Insurance brokers offer insights into Victoria’s latest lockdown

“As we come out on the other side of lockdown number six, there is still very little confidence that we will not see number seven.”

While she can always work remotely, Wilson acknowledged that setting up can be difficult when dealing with customers in more remote areas with limited technology. The same goes for cross-border customers and those who may require face-to-face interaction. “I was only able to make one on-site customer visit in almost two years, compared to many a month,” she said.

Wilson continued, “My focus was on my clients who had a bad hand during the pandemic and helping where I can. Not only is the pandemic causing havoc, but also the mental and physical health of my customers and colleagues.

“Here in the country we usually have an ‘it’ll be okay’ mentality, but unfortunately that relaxed response is fading. A simple phone call or text message to a customer can have a positive impact on his and my day. “

Meanwhile, one of the challenges Wilson faces is finding new employees to help grow their business.
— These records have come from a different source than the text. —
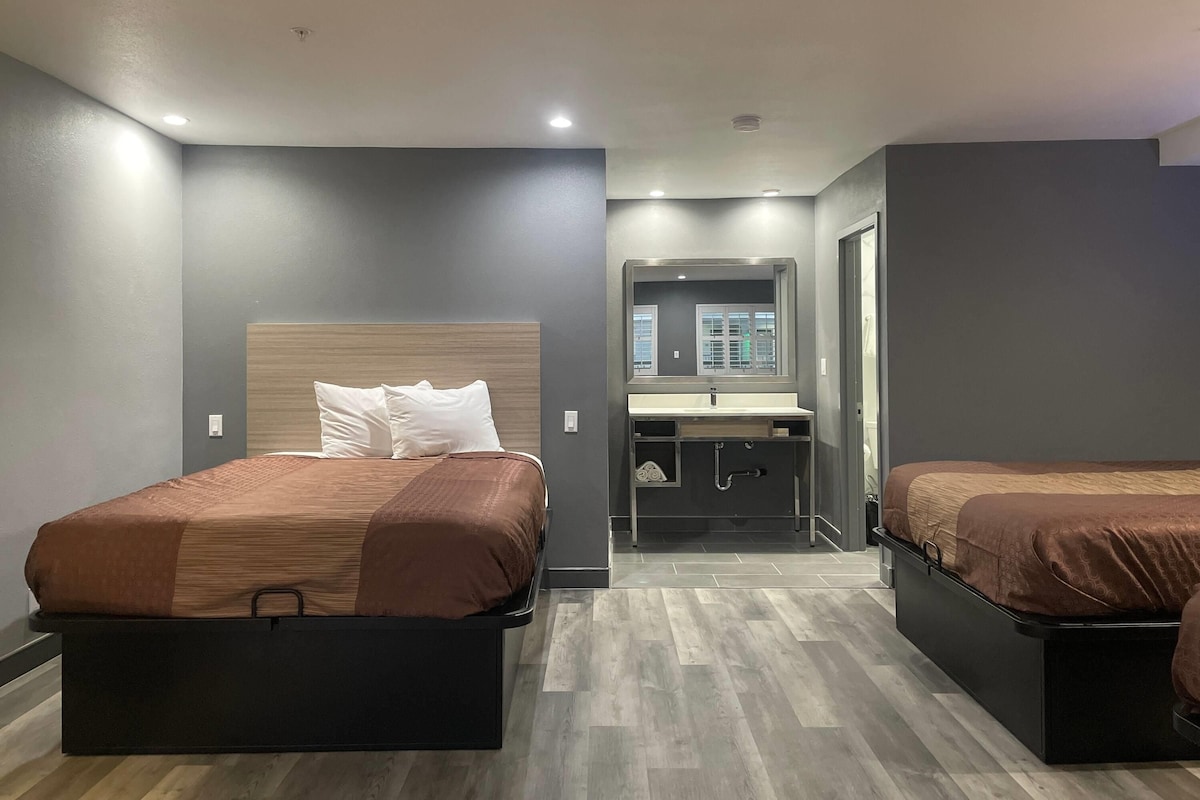 Une chambre d’hôtel avec deux lits, une salle de bain et une petite kitchenette.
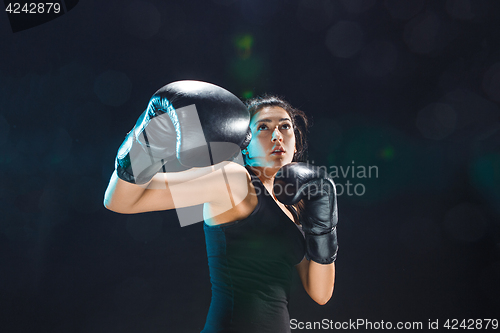 Image of The female boxer training at sport club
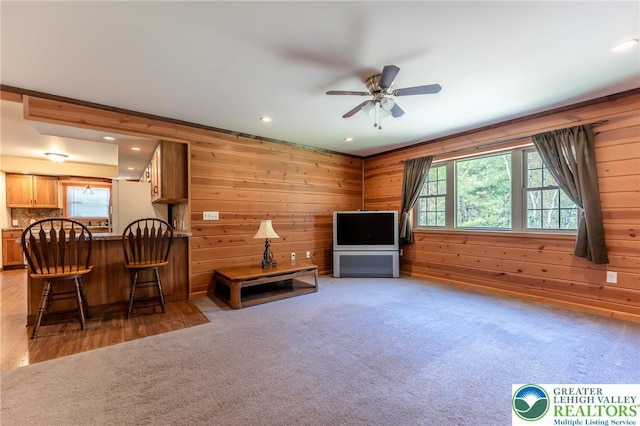 interior space featuring recessed lighting, wood walls, ceiling fan, and a healthy amount of sunlight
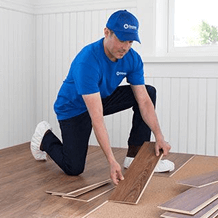 Handyman installing new flooring
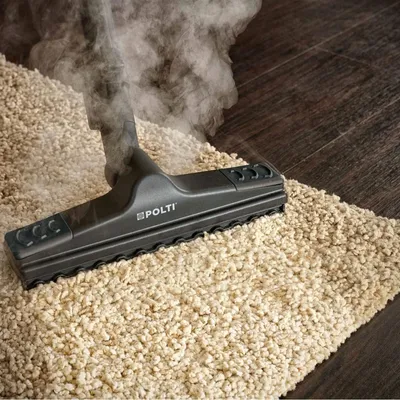 A steam cleaner head is shown cleaning a beige carpet next to a dark wood floor.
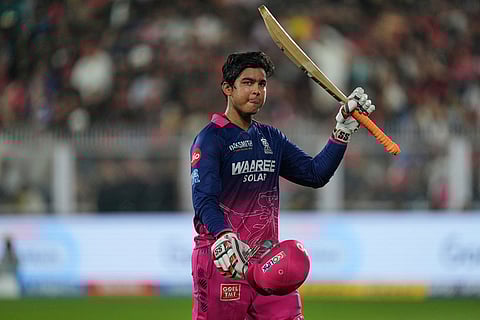 Rajasthan Royals' Vaibhav Sooryavanshi waves his bat as he leaves the ground after losing his wicket during the Indian Premier League cricket match between Royal Challengers Bengaluru and Rajasthan Royals in Guwahati, India.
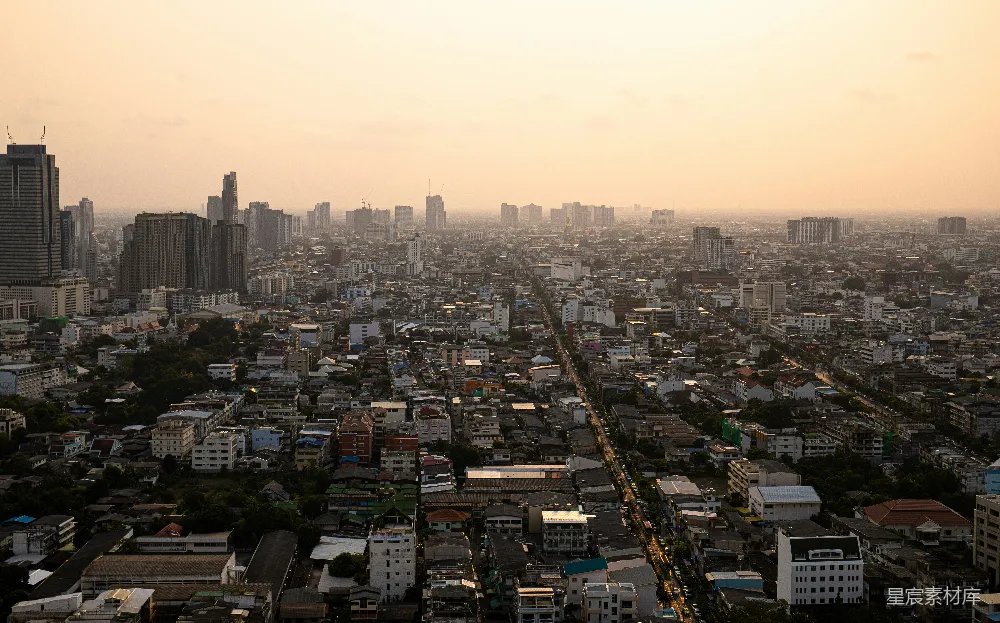 这张图片展示了夕阳下的城市全景，高楼大厦与低矮的住宅楼交织在一起，道路两旁的树木与建筑形成对比，营造出一种宁静而美丽的氛围。适合用于城市风光、旅游宣传或城市规划展示。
She said the brokerage saw significant growth both organically and from new requests during the pandemic.

Keith Roderick (pictured right above), general manager at Roderick Insurance Brokers, stressed that they needed to become nimble and adaptable as Victoria had more lockdowns than any other Australian state.

Roderick Insurance Brokers has teams in Geelong and Werribee.

“Even if it’s still a bit annoying, all 40 employees in our two offices now slide seamlessly from home mode to work when a new block is announced,” commented the broker boss. “Our priority has always been serving our customers, especially those in COVID-affected industries, and we believe we have implemented the systems and processes to achieve this.”

For SMART Business Insurance founder and director Mark Vanzo (pictured immediately below), employee safety is high on the agenda, especially as some of them live very close to where the recent outbreak has concentrated.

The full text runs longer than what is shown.